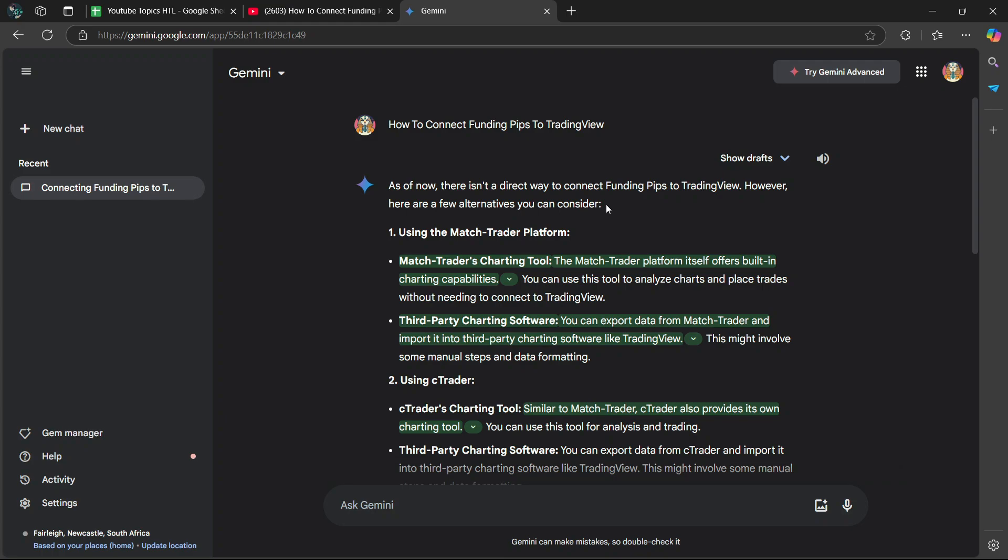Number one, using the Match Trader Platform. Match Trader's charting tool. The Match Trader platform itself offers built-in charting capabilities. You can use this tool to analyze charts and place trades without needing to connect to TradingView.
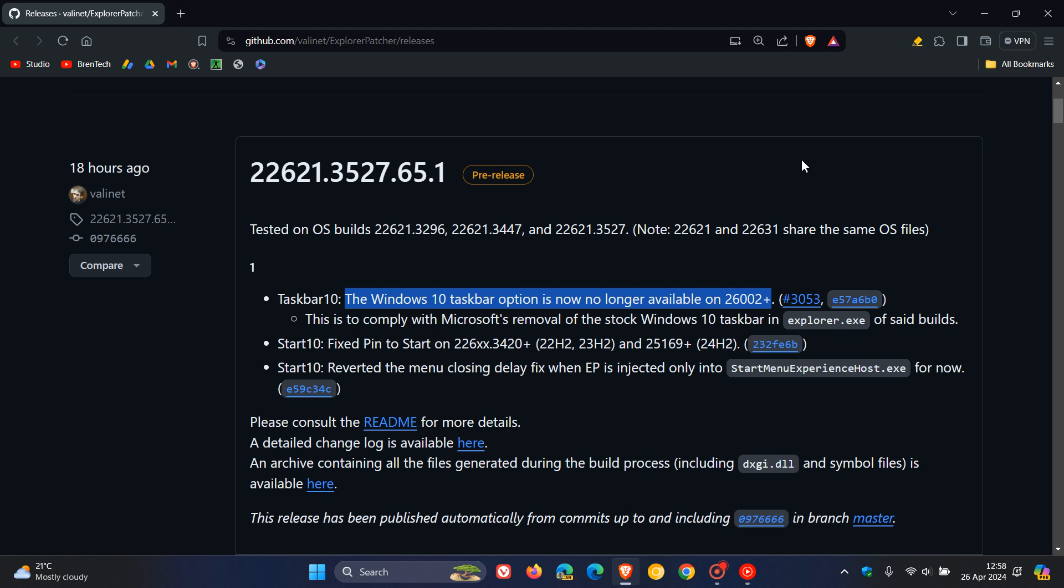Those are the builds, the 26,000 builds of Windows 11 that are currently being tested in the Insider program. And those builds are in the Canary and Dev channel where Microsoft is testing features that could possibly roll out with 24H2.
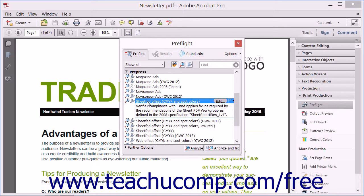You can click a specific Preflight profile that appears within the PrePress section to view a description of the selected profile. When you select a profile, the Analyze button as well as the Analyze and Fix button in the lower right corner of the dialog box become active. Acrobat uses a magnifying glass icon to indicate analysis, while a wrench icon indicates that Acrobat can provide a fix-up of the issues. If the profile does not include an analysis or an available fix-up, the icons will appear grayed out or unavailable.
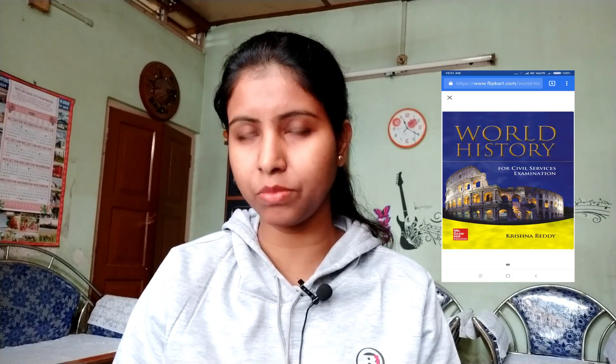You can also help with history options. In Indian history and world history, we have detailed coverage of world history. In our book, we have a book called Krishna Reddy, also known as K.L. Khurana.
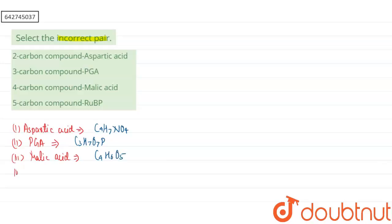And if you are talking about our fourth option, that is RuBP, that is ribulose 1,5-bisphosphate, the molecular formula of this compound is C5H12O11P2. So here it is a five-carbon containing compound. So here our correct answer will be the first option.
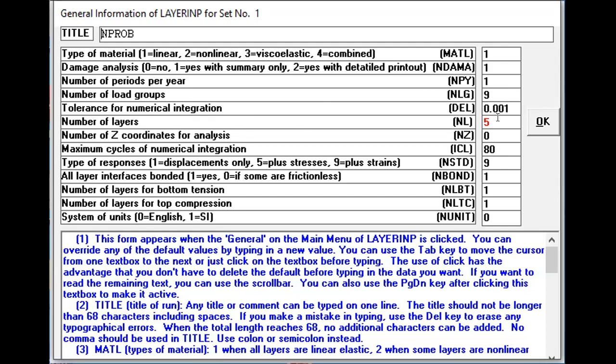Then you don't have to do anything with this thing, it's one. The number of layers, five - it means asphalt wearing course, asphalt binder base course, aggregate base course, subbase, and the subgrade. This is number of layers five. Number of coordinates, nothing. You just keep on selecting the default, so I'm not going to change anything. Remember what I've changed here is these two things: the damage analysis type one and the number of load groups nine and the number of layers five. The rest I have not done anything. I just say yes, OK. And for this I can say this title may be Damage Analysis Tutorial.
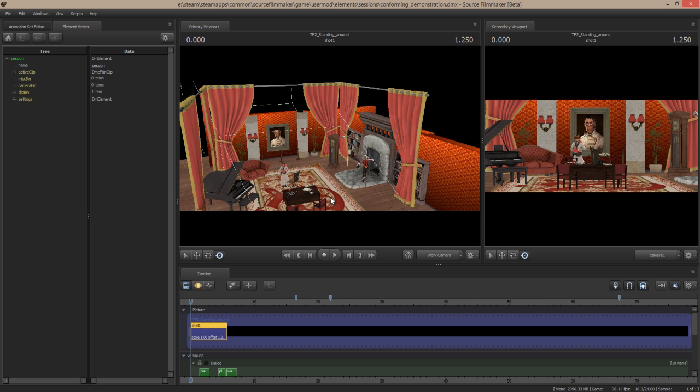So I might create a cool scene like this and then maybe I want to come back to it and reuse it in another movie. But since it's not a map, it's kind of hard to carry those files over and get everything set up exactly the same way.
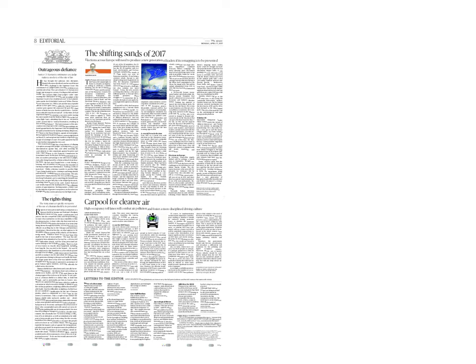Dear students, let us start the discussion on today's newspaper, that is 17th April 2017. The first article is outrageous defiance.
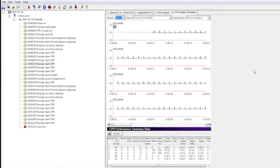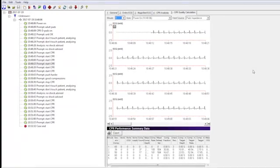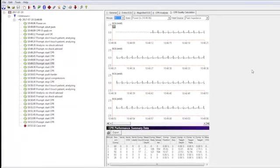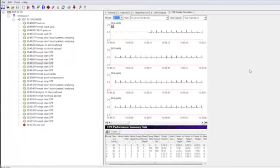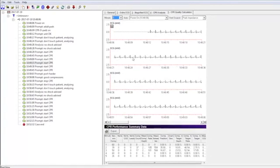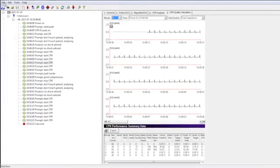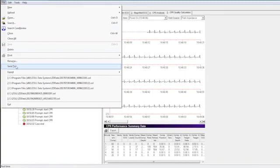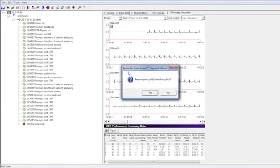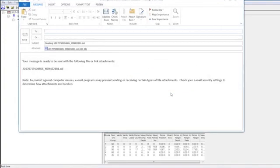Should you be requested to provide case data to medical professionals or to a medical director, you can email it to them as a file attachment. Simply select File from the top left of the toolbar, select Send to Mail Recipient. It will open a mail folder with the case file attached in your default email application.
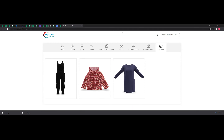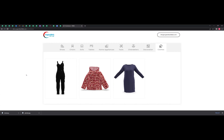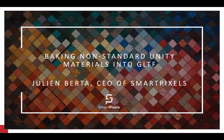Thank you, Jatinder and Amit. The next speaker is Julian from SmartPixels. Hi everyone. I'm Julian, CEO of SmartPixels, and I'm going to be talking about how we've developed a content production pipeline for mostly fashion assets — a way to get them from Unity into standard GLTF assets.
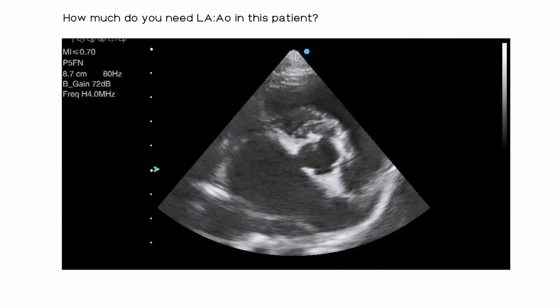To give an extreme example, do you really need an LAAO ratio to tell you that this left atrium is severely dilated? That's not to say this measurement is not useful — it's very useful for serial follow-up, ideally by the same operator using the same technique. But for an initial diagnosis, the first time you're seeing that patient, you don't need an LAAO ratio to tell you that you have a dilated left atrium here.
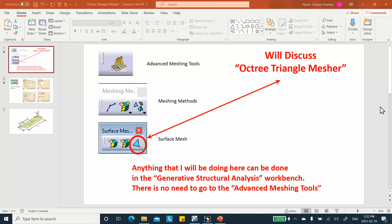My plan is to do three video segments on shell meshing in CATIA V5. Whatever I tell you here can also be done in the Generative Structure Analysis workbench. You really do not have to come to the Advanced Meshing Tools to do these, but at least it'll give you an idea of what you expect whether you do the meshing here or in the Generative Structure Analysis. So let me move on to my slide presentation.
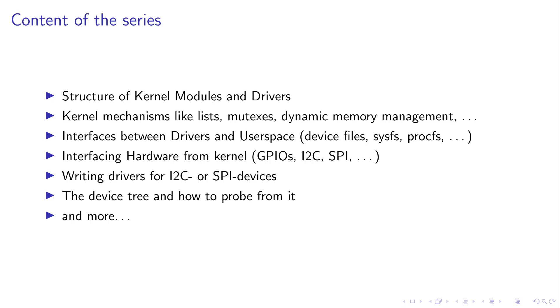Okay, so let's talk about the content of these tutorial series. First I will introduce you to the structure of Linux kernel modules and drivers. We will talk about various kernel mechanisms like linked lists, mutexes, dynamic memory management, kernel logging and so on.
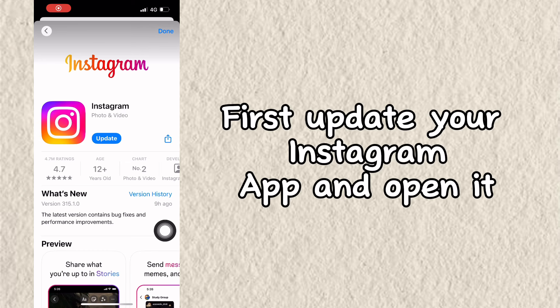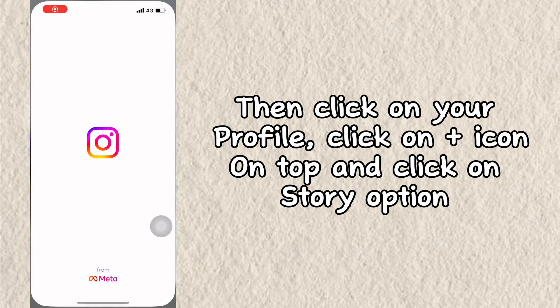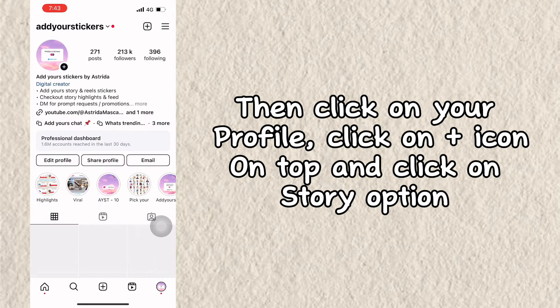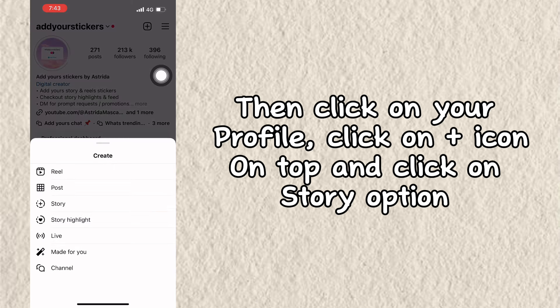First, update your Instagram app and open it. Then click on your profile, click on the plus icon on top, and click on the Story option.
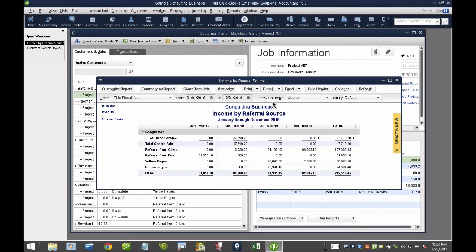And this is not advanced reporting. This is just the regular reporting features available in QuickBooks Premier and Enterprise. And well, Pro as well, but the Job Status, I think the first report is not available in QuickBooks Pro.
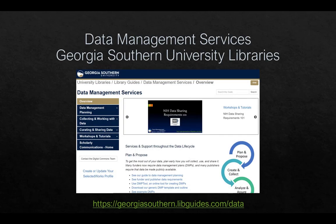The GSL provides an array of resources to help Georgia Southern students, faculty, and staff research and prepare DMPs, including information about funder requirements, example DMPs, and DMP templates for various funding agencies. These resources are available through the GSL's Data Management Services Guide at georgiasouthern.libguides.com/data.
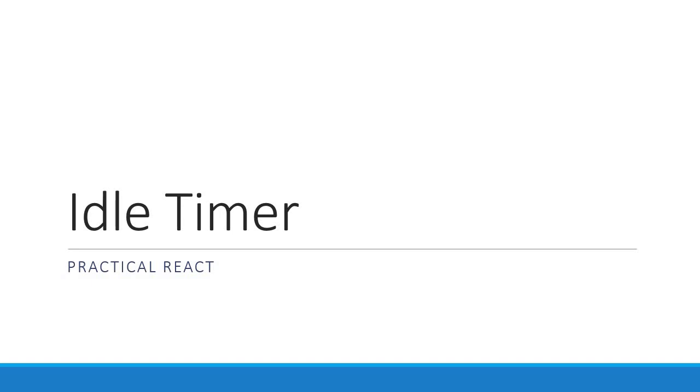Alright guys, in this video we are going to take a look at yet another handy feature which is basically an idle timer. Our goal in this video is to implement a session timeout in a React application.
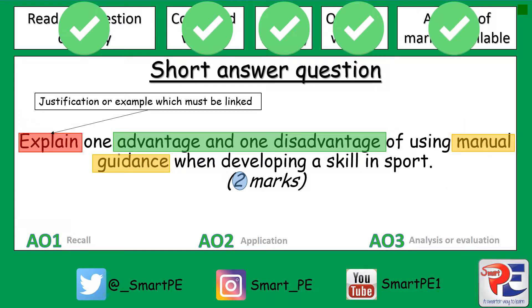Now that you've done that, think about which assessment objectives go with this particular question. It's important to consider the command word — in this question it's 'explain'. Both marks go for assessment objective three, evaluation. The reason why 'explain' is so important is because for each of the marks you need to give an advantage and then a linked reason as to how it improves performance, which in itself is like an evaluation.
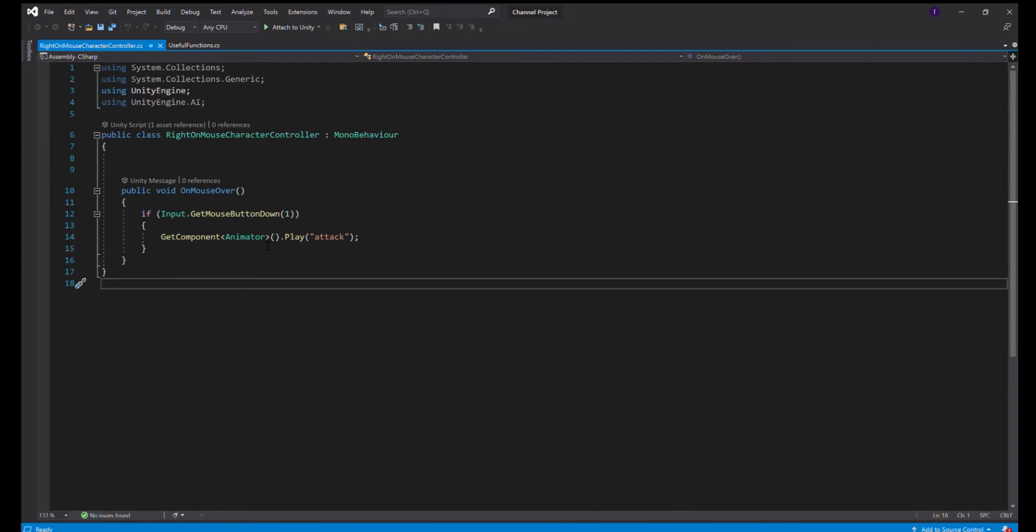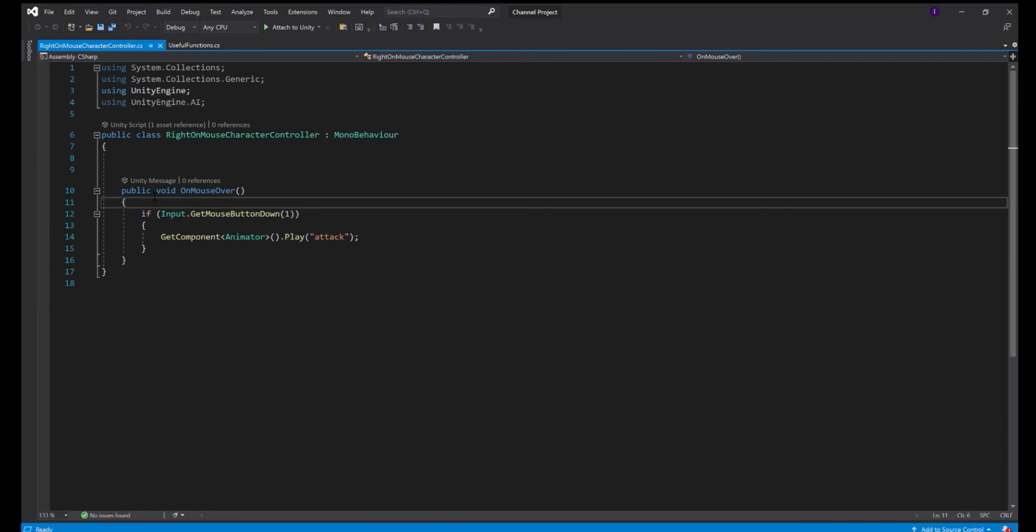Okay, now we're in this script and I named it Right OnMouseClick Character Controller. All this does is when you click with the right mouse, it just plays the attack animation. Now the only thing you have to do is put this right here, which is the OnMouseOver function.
________
#### [Task instructions]
All that should appear in the answer is the lines above from the line with "Okay, so let's" through the line with "Alright guys, in", retyped exactly, pictures left out.

#### [Problem solution]
Okay, so let's talk about the content of these tutorial series. First I will introduce you to the structure of Linux kernel modules and drivers. We will talk about various kernel mechanisms like linked lists, mutexes, dynamic memory management, kernel logging and so on.
First, update your Instagram app and open it. Then click on your profile, click on the plus icon on top, and click on the Story option.
And this is not advanced reporting. This is just the regular reporting features available in QuickBooks Premier and Enterprise. And well, Pro as well, but the Job Status, I think the first report is not available in QuickBooks Pro.
The GSL provides an array of resources to help Georgia Southern students, faculty, and staff research and prepare DMPs, including information about funder requirements, example DMPs, and DMP templates for various funding agencies. These resources are available through the GSL's Data Management Services Guide at georgiasouthern.libguides.com/data.
Alright guys, in this video we are going to take a look at yet another handy feature which is basically an idle timer. Our goal in this video is to implement a session timeout in a React application.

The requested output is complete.